In April 2014, in a naive attempt to improve the department’s beleaguered public image, the NYPD’s @NYPDnews twitter account launched #MyNYPD, asking followers to post images of themselves with New York police officers. The hashtag was almost immediately co-opted by activists, who flooded #MyNYPD’s stream with scenes of police brutality, many captured during the Occupy Wall Street protests, embarrassing the NYPD, and revealing the vulnerability of such campaigns to political subversion.56 As public anger against the NYPD simmered following the death of Eric Garner, the hashtag saw continued use as a tag for posts critical of the NYPD, and which continues to address the ongoing rift between police and New York Mayor Bill DeBlasio, the recent slow-down and subsequent return of ‘Broken-windows’ policing.

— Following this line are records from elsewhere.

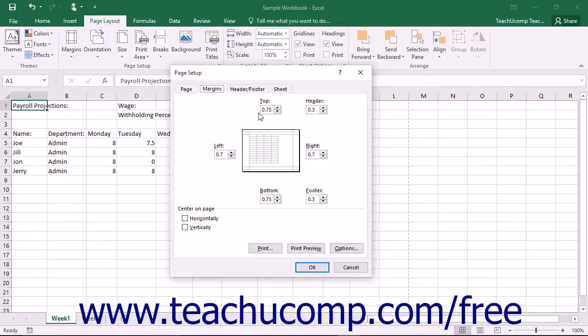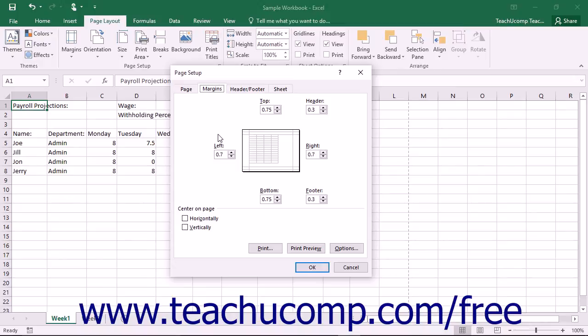Use the spinner arrows at the right of each Margins text box to set the top, right, bottom, and left margins widths in inches.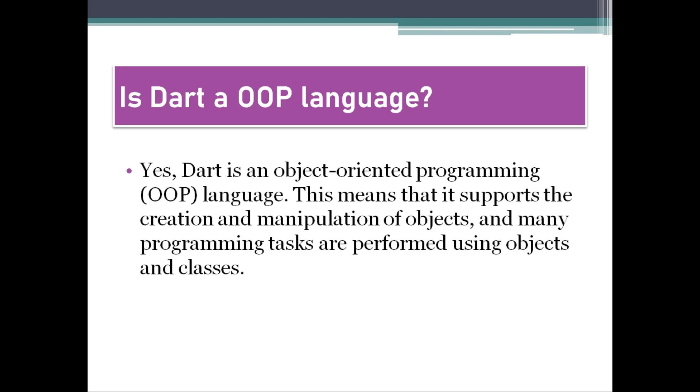Yes, Dart is an object-oriented programming OOP language. This means that it supports the creation and manipulation of objects, and many programming tasks are performed using objects and classes.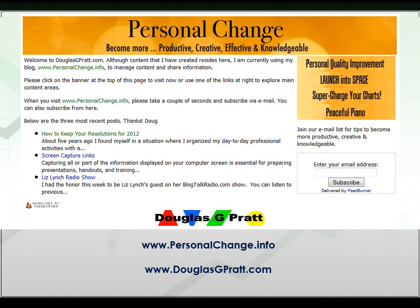Thank you for watching this presentation. Please visit my websites, www.personalchange.info or www.douglasgpratt.com. Let me know how your recordings come out for you.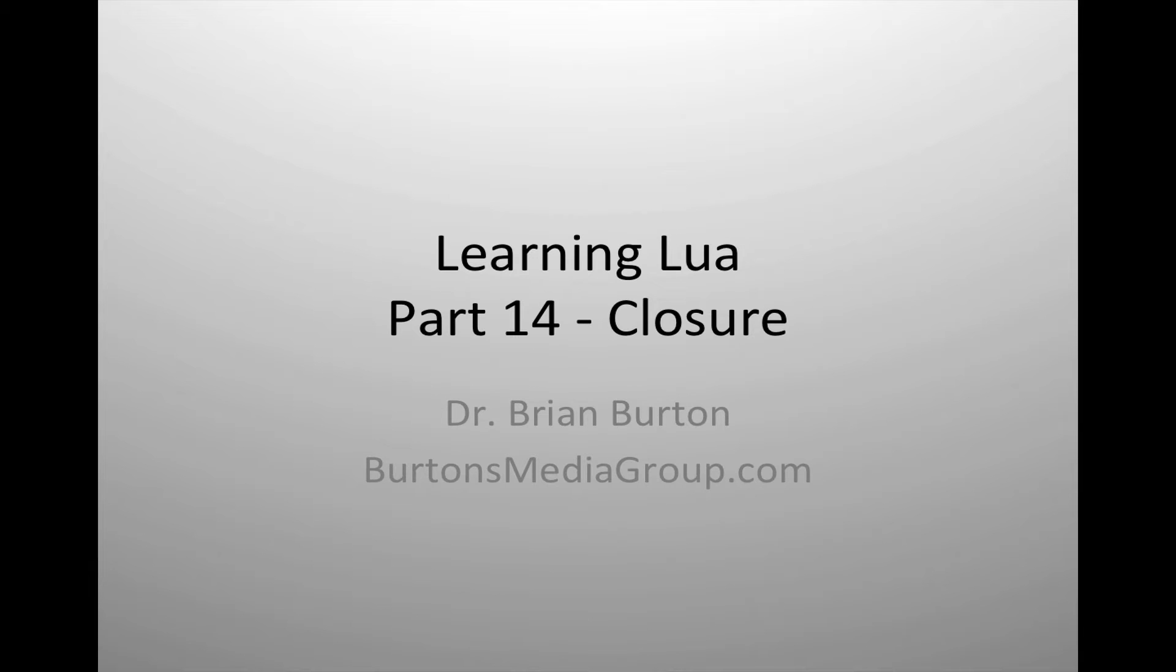Welcome to Learning Lua. In today's tutorial we're going to look at using closures inside the Lua scripting language.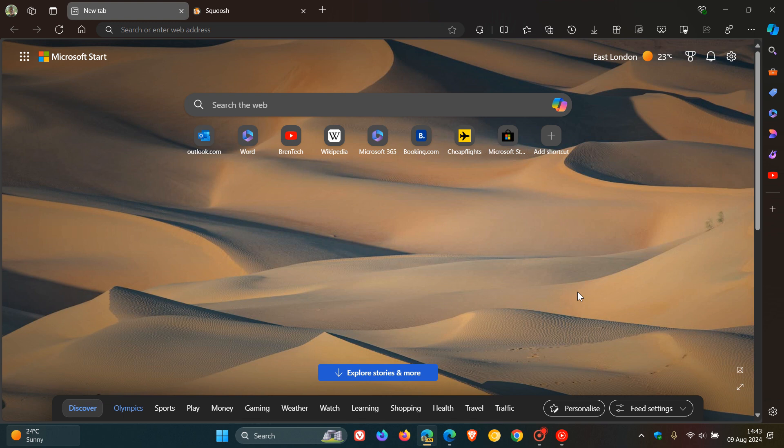So just the other day I posted that Microsoft Edge could be getting a new PWA install prompt here in the right hand side of the address bar and that was a change spotted in Edge Canary 129, the latest preview version and I'll leave that video linked down below and in the end screen.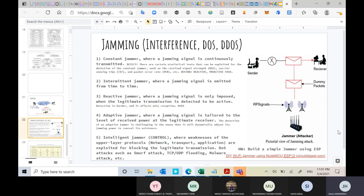Another way of detecting this jamming attack is carrier sensing time and packet error rate. If you constantly keep recording packet loss and are unable to decode any information from those packets, then obviously you are under a constant jamming attack.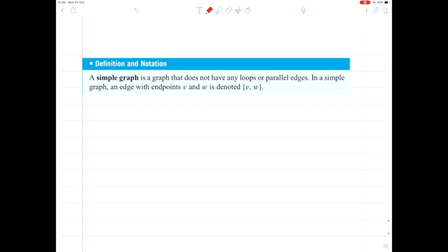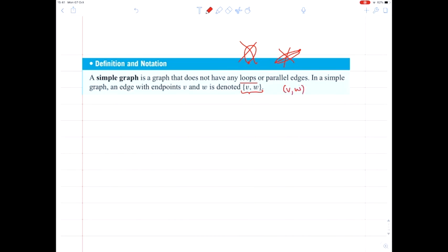We're going to learn several different kinds of graphs. The first idea is the idea of a simple graph, which is a graph that doesn't have any loops and doesn't have any parallel edges. So if we have two vertices in a simple graph, they're connected by at most one edge. In a simple graph, an edge with endpoints V and W is denoted using set notation {V, W}, rather than the round brackets used previously.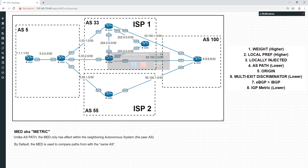Hey everyone, it's John and today we're going to continue on the BGP video series. If you've been following the previous videos, you will remember we've discussed weight, local preference, AS path and origin. In this video we're going to discuss the multi-exit discriminator.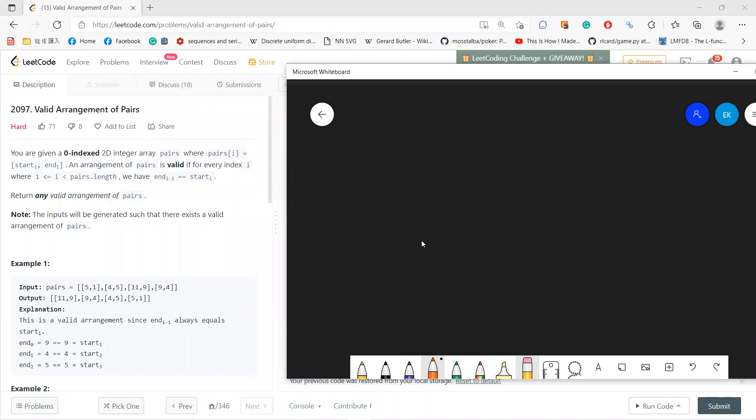Hi, welcome guys. So let's solve this 2097, valid arrangement of pairs. So basically you have a 2D array, you have pairs, start and end. And the arrangement pair is valid if a pair lands, if end and start. Then you return any valid arrangement of pairs.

As the public reacted in the wake of a string of high-profile police killings,the social media campaigns against racism and police brutality that followed saw the return of #blacklivesmatter, which had originated following the death of Trayvon Martin, in addition to #icantbreathe and #handsupdontshoot, referring to the Eric Garner and Michael Brown killings, respectively. Created in response to the competing narratives surrounding the death of Michael Brown, African-Americans addressed the media’s portrayal of black victims of police violence using the hashtag #iftheygunnedmedown,57 across a variety of social-media platforms. The posts featured two portraits of a single-subject, one depicting them as well-dressed, clean-cut, and wholesome, and another, showing the subjects in more casual situations, often in a pose alluding to some archetype of post-Gangsta-Rap hip-hop culture so widely vilified in conservative media.


On the Monday following Eric Garner's death, acclaimed filmmaker and civil-rights activist Spike Lee posted a video59 juxtaposing footage of the killing against a pivotal scene from his 1989 film, Do The Right Thing, in which a neighborhood personality, Radio Raheem is choked to death while struggling with police, igniting riots in a 1980's Bedford-Stuyvesant simmering with racial tension.60 The similarities between the two are striking, and as the video went viral, the inference of how little had really changed in the twenty-five years since the film had been released reinforced a pervasive sense that rather than representing some aberration of the normal rule of law, the freedom of police to kill persons of color with near total impunity was the normal rule of law.


Following Michael Brown’s shooting death in August, a series of gifs began spreading, taken from a 1991 episode of the Fresh Prince of Bel-Aire in which Will Smith’s lovably nefarious (too strong of a word?) best friend, Jazzy Jeff, refuses to lower his hands in order to swear on a Bible in court, fearful of getting 'six warning shots in the back' (see header), incidentally the number of times that Michael Brown was shot by white officer Darren Wilson. Over the course of the summer, the ALS “Ice Bucket Challenge” had permeated the cultural landscape, everyone from Taylor Swift and George W. Bush to your uncle doused themselves in buckets of ice water, after challenging three individuals, by name, to either do the same themselves, or to donate $100 to the charity, in a perfect storm of altruism, shame, guilt, competitiveness, and narcissism.62 As chaos and brutality engulfed Ferguson, Missouri following Michael Brown’s death, actor Orlando Jones posted his own video63 titled only “Bucket Challenge”. Beginning the familiar format, Jones then dons a pair of protective goggles and empties a bucket of what turns outs to be bullets over his head, before offering a sober and contemplative reflection on the turmoil, and challenging himself and others to, “listen without prejudice, to love without limits, and to reverse the hate.”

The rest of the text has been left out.